Certa vez o Centro de Informação e Turismo encomendou-nos uma série de cópias de 16 milímetros de um documentário que havíamos produzido sobre turismo cinegético. O CIT até pagou adiantado e o Courinha Ramos disse-me: - Vamos no meu carro até Joanesburgo para fazer este trabalho. No dia seguinte ele apareceu com o carro e levava a mulher consigo. Explicou que ela queria fazer umas compras em Joanesburgo. Quando as cópias estavam prontas e íamos regressar o Courinha diz-me: - Olha, desculpa mas tens de regressar de comboio. Não cabes no carro porque a minha mulher o encheu com as compras que fez. E, claro, o dinheiro das cópias, foi-se.

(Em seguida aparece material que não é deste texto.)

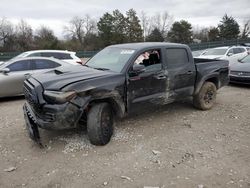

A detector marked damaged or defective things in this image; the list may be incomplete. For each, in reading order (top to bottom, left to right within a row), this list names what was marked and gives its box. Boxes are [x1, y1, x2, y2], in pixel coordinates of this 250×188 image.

crumpled hood [31, 65, 116, 90]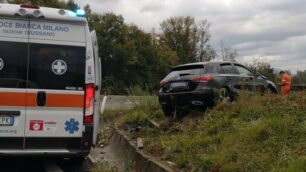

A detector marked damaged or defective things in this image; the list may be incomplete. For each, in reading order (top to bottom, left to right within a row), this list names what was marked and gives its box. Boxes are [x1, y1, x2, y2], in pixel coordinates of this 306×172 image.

Eu, aliás, já não precisava do Courinha Ramos para nada. Havia montado mais um laboratório de revelação de filmes com base numa máquina de revelar a cores que comprei em segunda mão na África do Sul a um laboratório que fechara. Fundara a FILMLAB e dedicara-me à produção.
A estreia do Zé do Burro em Lourenço Marques foi um sucesso. As pessoas riam com as macacadas do Zé Bandeira e divertiam-se com as situações.
Assim levei o filme até Angola para ser estreado em Luanda, o que aconteceu num daqueles cinemas ao ar livre que eram tão populares em Luanda. Na fachada um grande cartaz com o saloio do Zé ao lado do seu amigo, o burro Cacilhas.
Depois levei o filme até Lisboa. Aí tive um problema. O filme tinha cerca de hora e meia e a censura cortou cerca de trinta e cinco minutos. Estreou no cinema Odeon e não obteve grandes resultados.
Durante a minha estadia tive ocasião de ir visitar o César de Sá, que estava retirado a viver da venda de bilhetes postais de Lisboa para os turistas.
Também reencontrei o meu irmão mais novo que estava num estado lastimoso. Alcoólico em último grau e estava a sofrer de um tumor na virilha.
Quando voltei a Moçambique, levei-o comigo.
Assim que cheguei entereguei-o a um médidco meu amigo que o enfiou no Hospital.
Esteve lá um ano mas quando saiu vinha como novo. Porém o médico avisou-o: - Nunca mais na vida você pode tocar em alcool.
Aqui convém explicar quem era este meu irmão. Fizera carreira toda a sua vida, como vendedor. Na realidade era um vendedor fora de série. Contaram-me que um dia, a precisar de dinheiro para os copos viu num jornal um anúncio de uma editora pedindo um vendedor. Foi-se oferecer e depois de ouvir o que tinham para vender disse-lhes: - Isto são tudo livros baratos. Vocês não têm nenhuma edição mais valiosa?
Responderam-lhe: - Por acaso até temos. Uma enciclopédia de luxo intitulada "O Barco" que não se vende. Foi um espetanço nosso.
O meu irmão disse-lhes: - Dêem cá isso. e foi pedir uma audiência no Palácio de Belém para falar com o Almirante Américo Tomás, Presidente da República. Depois de conseguir a audiência vendeu uma enciclopédia ao Almirante e pediu ao Chefe da Casa Militar para lhe dar uma carta dizendo que o Senhor Almirante tinha comprado a enciclopédia sobre o barco desde as suas origens até aos dias de hoje e tinha gostado muito.
Depois com essa carta foi vender enciclopédias a todos os oficiais superiores da Armada.